Unserializing PHP serialized data that comes from a foreign server is potentially unsafe.
[snip]
We're handling an *array* here, right? How the hell can unserializing() something, then using [] on it cause anything else than a fatal error?
"If the variable being unserialized is an object, after successfully reconstructing the object PHP will automatically attempt to call the __wakeup() member function (if it exists)."
Arbitrary data input + execution of a function -> potentially could cause problems, depending on what the wakeup function of the given class does.
At the moment that's probably reasonably safe given our codebase (ignoring that unserialize() itself has had a rash of low-level security problems such as buffer overflows), but it gives me the willies as a low-level problem.
Even if it does only cause a fatal error, now your site's broken because of a problem with a third-party provider. That's a pretty poor practice and should be avoided.
Or does PHP allow overloading of the [] operator? (I though PHP didn't *do* operator overloading, but I could be wrong.) Anyway, is_array() should be safe enough here.
It sort of does -- classes can provide an array-like interface.
I'm not saying it makes a huge difference and I know trying to optimize non-bottleneck code is discouraged, but if you can get better performance by just using a different function, it's too easy not to do.
That depends on what other concerns are present. Using low-level serialization on unvalidated input data just isn't a good security practice.
It's *convenient* for quickie hacks, but it's not very reliable and not very safe.

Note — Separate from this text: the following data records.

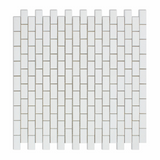 Thassos White Marble Honed Baby Brick Mosaic Tile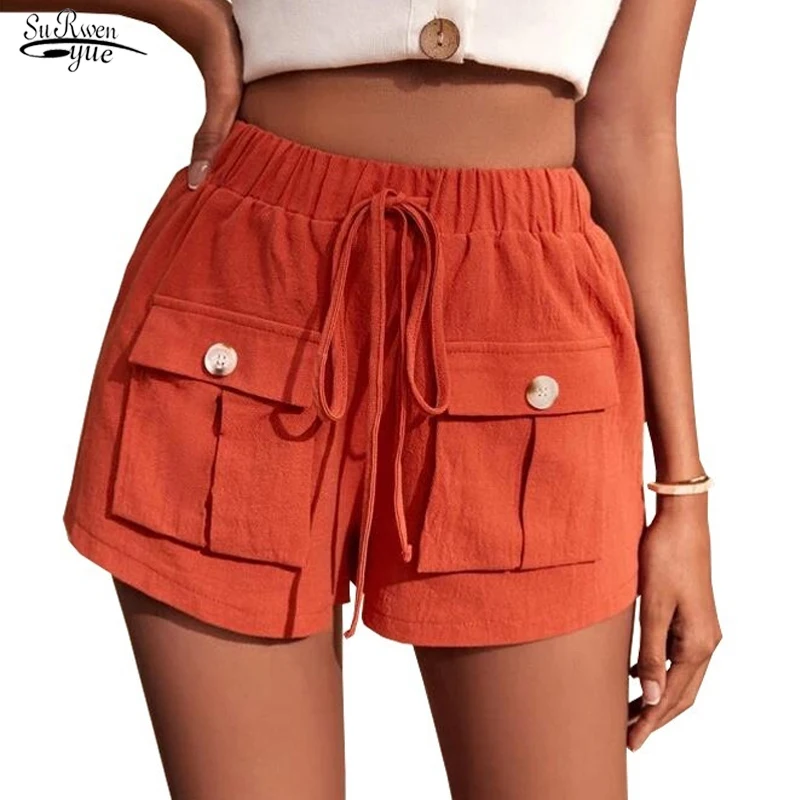 

Summer Sweat Shorts Women Streetwear Elastic Pants New Casual Shorts Pocket Loose Middle Waist Drawstring Straight Pants 20138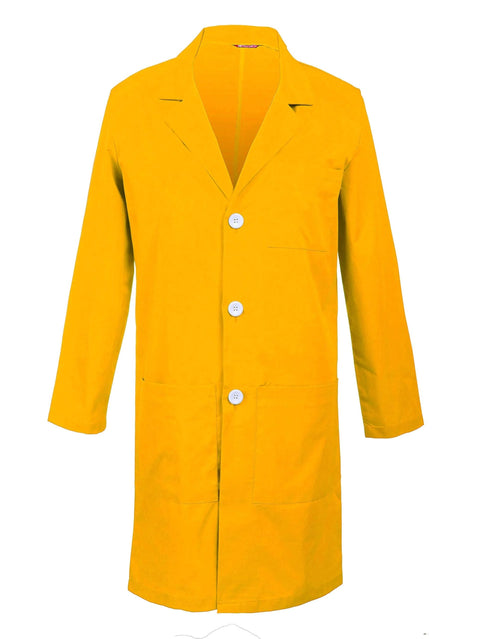 Yellow Men's Lab Coat With Vented Back And Chest Pocket, 65 Percent Polyester And 35 Percent Cotton Twill, Notched Collar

These concerns trump a hypothetical speed advantage which may not even exist.
Also, I though Http::get() was a faux pas, why use it here?
On the contrary -- *not* using Http::get() is a faux pas. :)

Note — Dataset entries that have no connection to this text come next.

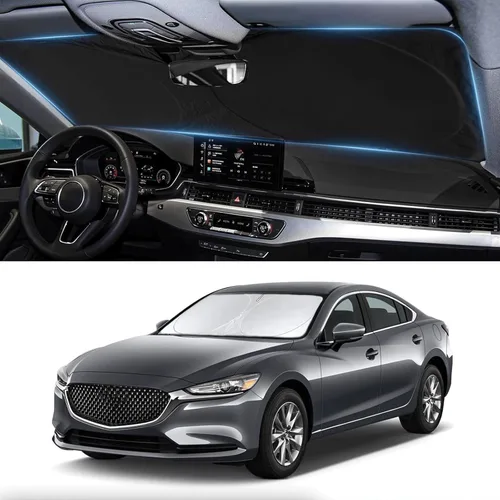 Vista 57 de Parasol plegable para parabrisas, protector reflectante para ventana frontal 210T, bloquea los rayos ultravioleta, accesorios para automóvil, XXL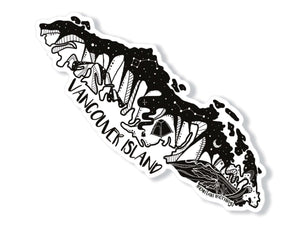 Vancouver Island Sticker featuring original black and white illustration, made in Canada, durable vinyl outdoor sticker.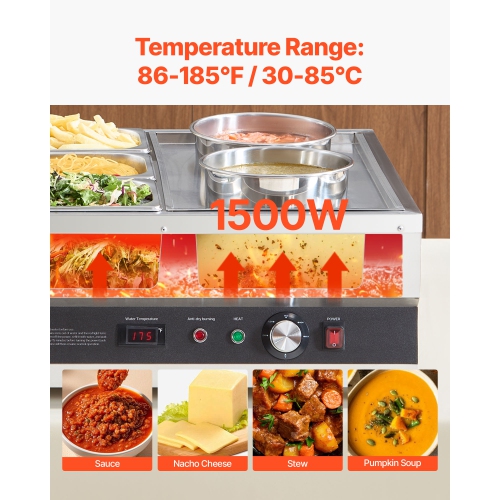 VEVOR 6.34QT Electric Soup Warmer, Two Pots & Three 1/3 Pans, Stainless Steel Commercial Food Warmer with 86~185°F Adjustable Temp, 1500W Bain Marie,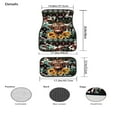 thumbnail image 7 of Renewold American Tribal Highland Cow Cattle Sunflower Auto Carpet Floor Mats for Car Van Truck SUV, 4 Pieces Front & Rear Full Set with Rubber Backing Universal Fit for Most Vehicles, 7 of 7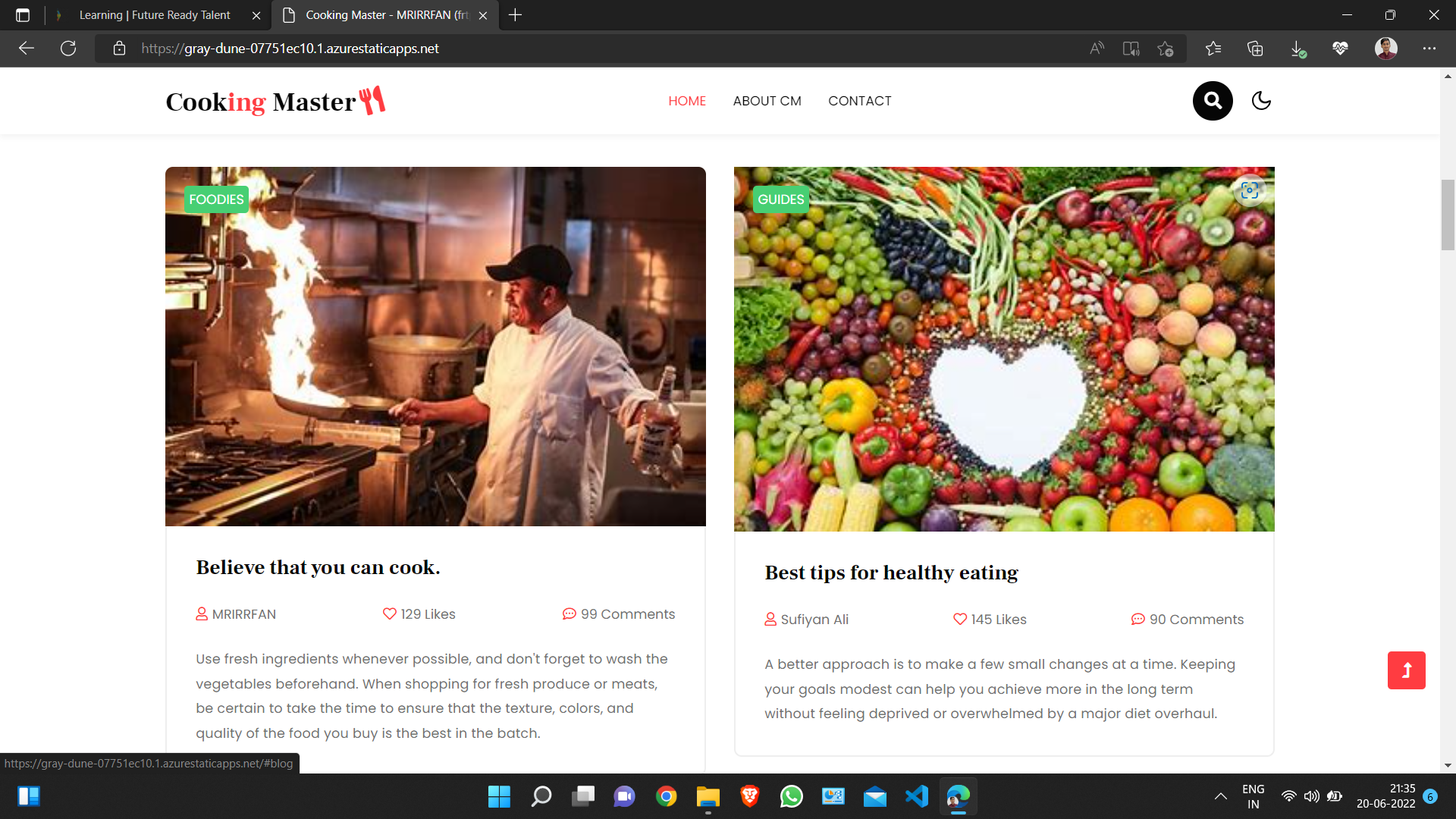 GitHub - MRIRRFAN/frtproject: Here I have created a cooking blog web ...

We can control the timeout values etc with Http::get(), and choose the best backend (PHP's URL wrappers or CURL module), all nice and encapsulated. Duplicating all that by hand is a big no-no.
OK. I remember someone saying something related to bug 14024 (interwiki API) that calling Http::get() would take too long etc.
That's an unrelated issue where you'd be trying to proxy third-party requests.
Right. If the local wiki's not in English, it may construct the output using something other than the canonical 'Image:', which won't be recognized by the foreign repo.
In this case, we need to canonicalize the title first (i.e. replace Bild: by Image: on a German wiki), then submit that title to the remote wiki, which will normalize Image: to whatever it uses.
Exactly. :)
I don't really get what the foreach is for: it's only one file, right? You can use reset() to get the first element of an array if it doesn't have index 0.
IMHO, reset() and foreach() are equally ugly here. :)
Personal preference then, I guess. To me, foreach() implies that something runs more than once (although that's impossible in this case because of the return statement).
reset() followed by current()/next() is exactly equivalent to foreach(), but without the clean, visible structure around the iterator.
Sometimes it's necessary because you're doing something _weird_ with your loop, but I tend to think of it as very icky. :)
Anyway this can be fairly easily extended to implement the new multiple findFiles(), with the singular findFile() as a special case that passes only one title, so a foreach is gonna be just fine. ;)
- -- brion vibber (brion @ wikimedia.org)